Can an SMSF run a business?
There is a common belief among accountants and advisers that an SMSF is not allowed to run a business.
But it is it true? Is there anything in the SIS Act that prohibits it?
The answer is 'no', and even the ATO agrees. Of course, the answer is not that simple.
Why run an SMSF business?
Access to capital and concessional tax treatments stand out as the main attractions.
Having start-up capital or being able to borrow is often problematic for the upstart entrepreneur with a new business idea. The balance of the super interest is often their largest asset and could provide instant and low-cost access for immediate business commencement.
Additionally the ability to pay no more than 15 per cent tax (and possibly a nil rate) on net income would surely be attractive to any business owner. More so for those who don’t need ready access to profits before preservation age. Yearly profits would then gain access to ongoing concessions within the super environment.
This all sounds attractive, but before we get too excited, there are significant limitations and drawbacks to consider.
It may not prohibit operating a business, but the SIS Act does strictly disallow certain activities that otherwise are commonplace. Let’s look at a few examples:
Borrowing and Overdrafts: Excluding eligible LRBAs, section 67 would all but prohibit an SMSF business from entering into normal credit facilities.
Lending money: Accountants will know too well that small business operators have a habit of “borrowing money” from the business bank account. Easily dealt with in a non-SMSF environment, section 65 prohibits this for the SMSF business.
Non-arm’s length dealings with related parties: Another everyday event; let’s consider some examples that may be commonly conducted at above or below market values:
– Providing or receiving services from a related party – Employment of relatives – Leasing of property – Provision of fringe benefits
Two areas of concern arise where this occurs. Firstly, Section 109 may be breached where the related party is receiving a favourable treatment. This does commonly occur where an SMSF leases a commercial property to a related entity at below market value. In the SMSF business, situations could occur where an employee is paid above award wages or receives other benefits such as private use of phones or computers. Discussed below, the Sole Purpose Test also needs to be considered in these situations.
Often overlooked, income tax consequences can arise where an SMSF business receives a favourable financial outcome from related party dealings. Section 295-550 ITAA 1997 can be triggered to apply the top marginal tax rate (even if in pension phase) to the net income of an SMSF business where non arm’s length dealings occur. Common examples could include a related party working in the business for below market wages or the SMSF leasing a property used in the business for below market lease rates.
The ATO has confirmed this treatment in relation to LRBAs and it wouldn’t be a far stretch for an SMSF business to be caught.
Giving a charge over assets: Regulation 13.14 places further restrictions on everyday business activities as it prohibits trustees from giving a charge over an asset. This would restrict entering into everyday transactions such as equipment and vehicle leasing.
Could an SMSF conduct a business within these restrictions? Yes, possibly but again… our friends at the ATO may have a close look.

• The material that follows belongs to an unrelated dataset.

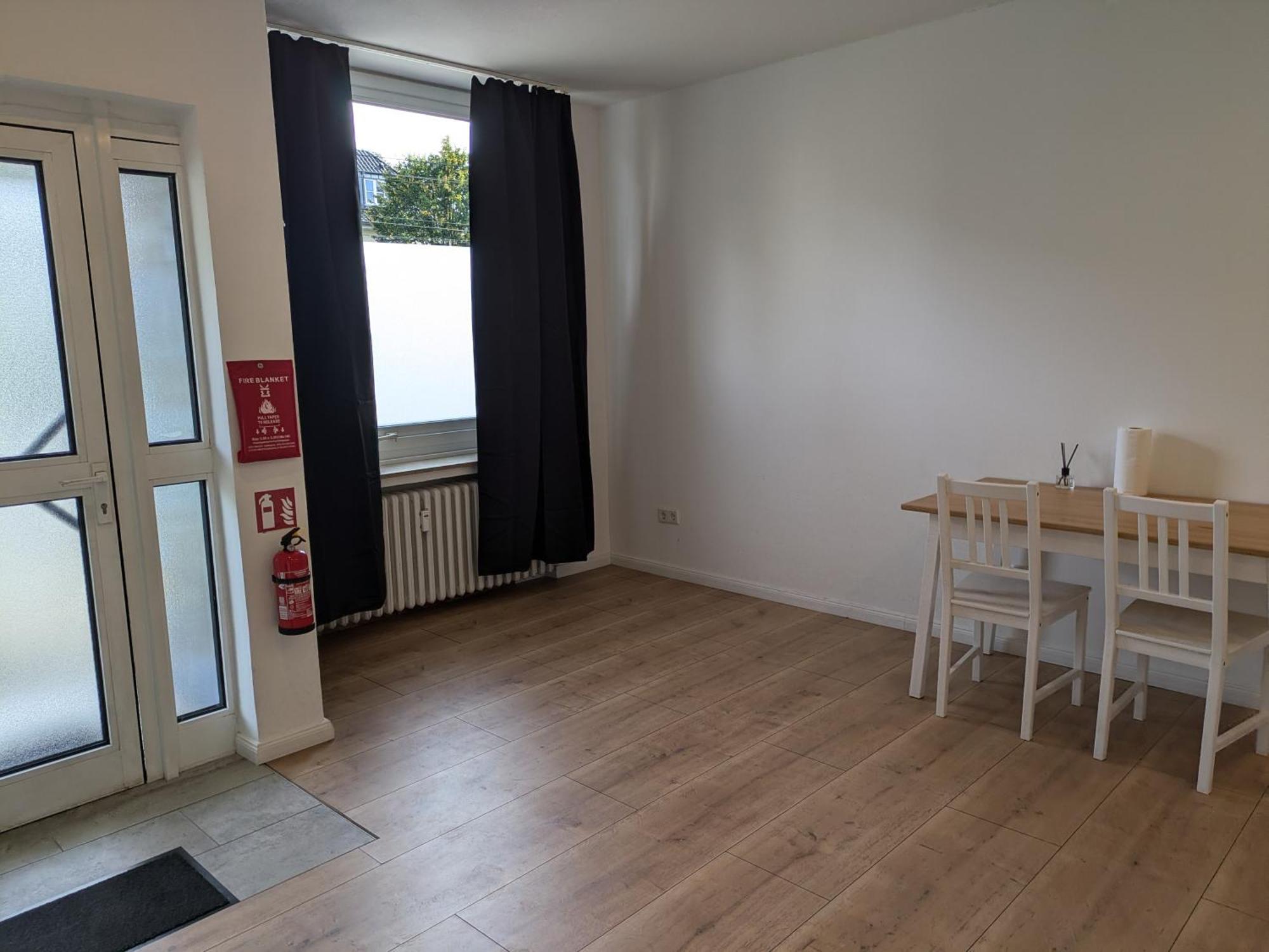 Interaktiv Appartements In Ratingen - Duesseldorferstrasse מראה חיצוני תמונה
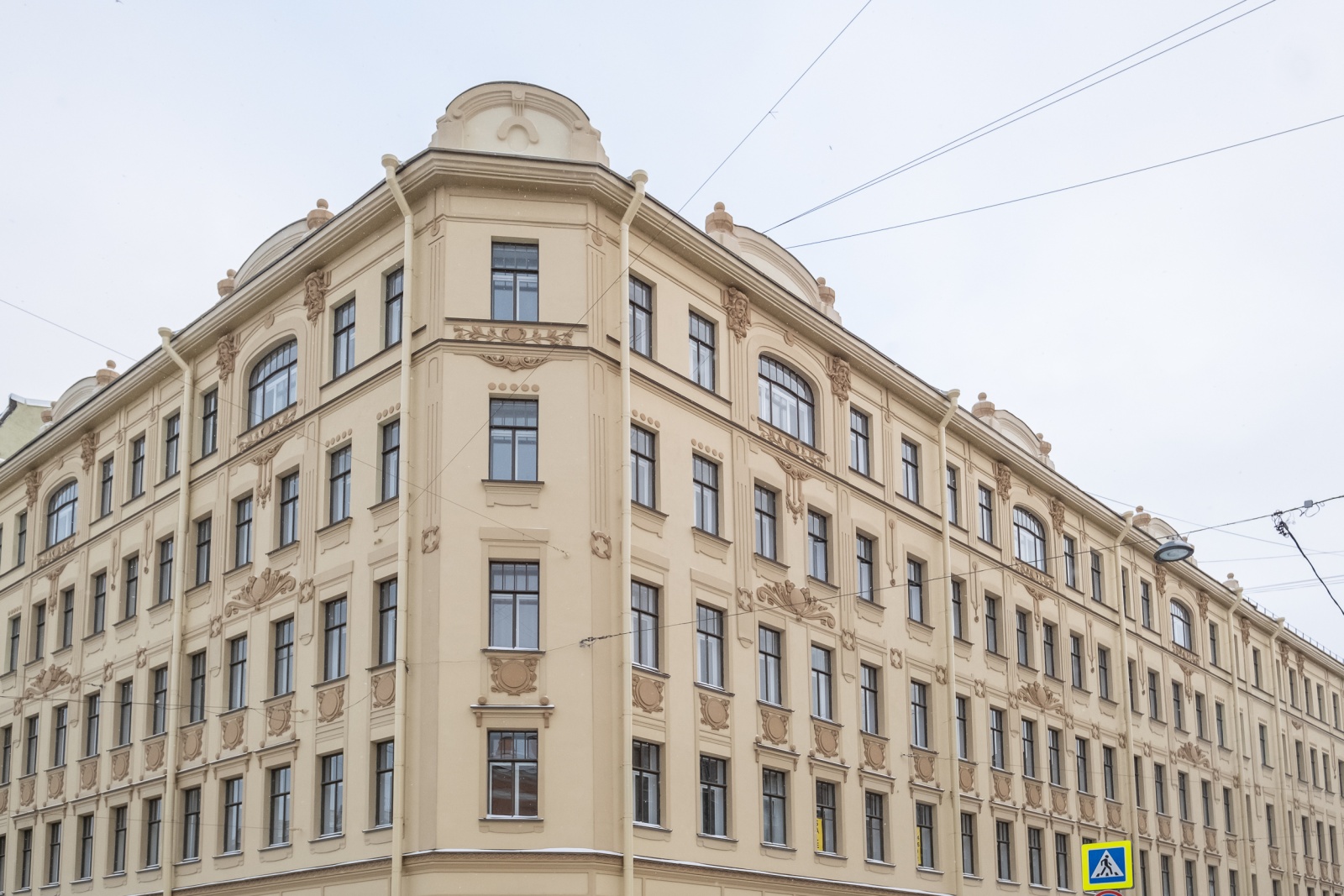 Яркая 2-к квартира в центре у метро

Assuming business activities do not breach specific sections of the SIS Act, the trustees still have to pass the all-important but often overlooked Sole Purpose Test, which decrees: “Thou shall not obtain personal advantage or enjoyment from the activities of the SMSF until you retire or die (at which point it becomes redundant!)”
Of course, I paraphrase and recommend a reading of the tax ruling on the subject. The sole purpose test can be hard apply to a set of facts as who is to say that the trustees run an SMSF business of breeding cattle just because they like to hang around cows!
Duties of trustees: Finally, and what may be the pertinent issue, are the trustees' duties contained in section 52.
Often overlooked, trustees must take into account the section 52 duties when making investment decisions for the SMSF.
Importantly subsection 2(b) requires trustees to “to exercise […] the same degree of care, skill and diligence as a prudent superannuation trustee would exercise in relation to an entity of which it is trustee and on behalf of the beneficiaries of which it makes investments”.
And along with Regulation 4.09, subsection 6 requires the trustees to consider a range of factors when determining whether an SMSF business would fit into the overall investment strategy of the SMSF. The key factor appears to be “the risk involved in making, holding and realising, and the likely return from, the investments covered by the strategy, having regard to the trustee's objectives in relation to the strategy and to the expected cash flow requirements in relation to the entity”.
Does running an SMSF business take the best interests of the beneficiaries into account or is there some other purpose? Is the business really just a hobby that the trustees have a side interest in?
What does this all mean?
Sufficient to say the road to running a business in an SMSF is full of potholes filled with pitfalls.
If the trustees decide to run an SMSF business that operates in a way that doesn’t breach a specific SIS prohibition, they still need to consider the underlying reasoning behind this course of action.
Section 62 (sole purpose test) and Section 52 remain as hurdles to overcome.
At the end of the day, the old-fashioned “smell test” and “what would a reasonable arm’s length trustee do” clichés may very well be key questions to apply when assessing a client’s proposal to run an SMSF business.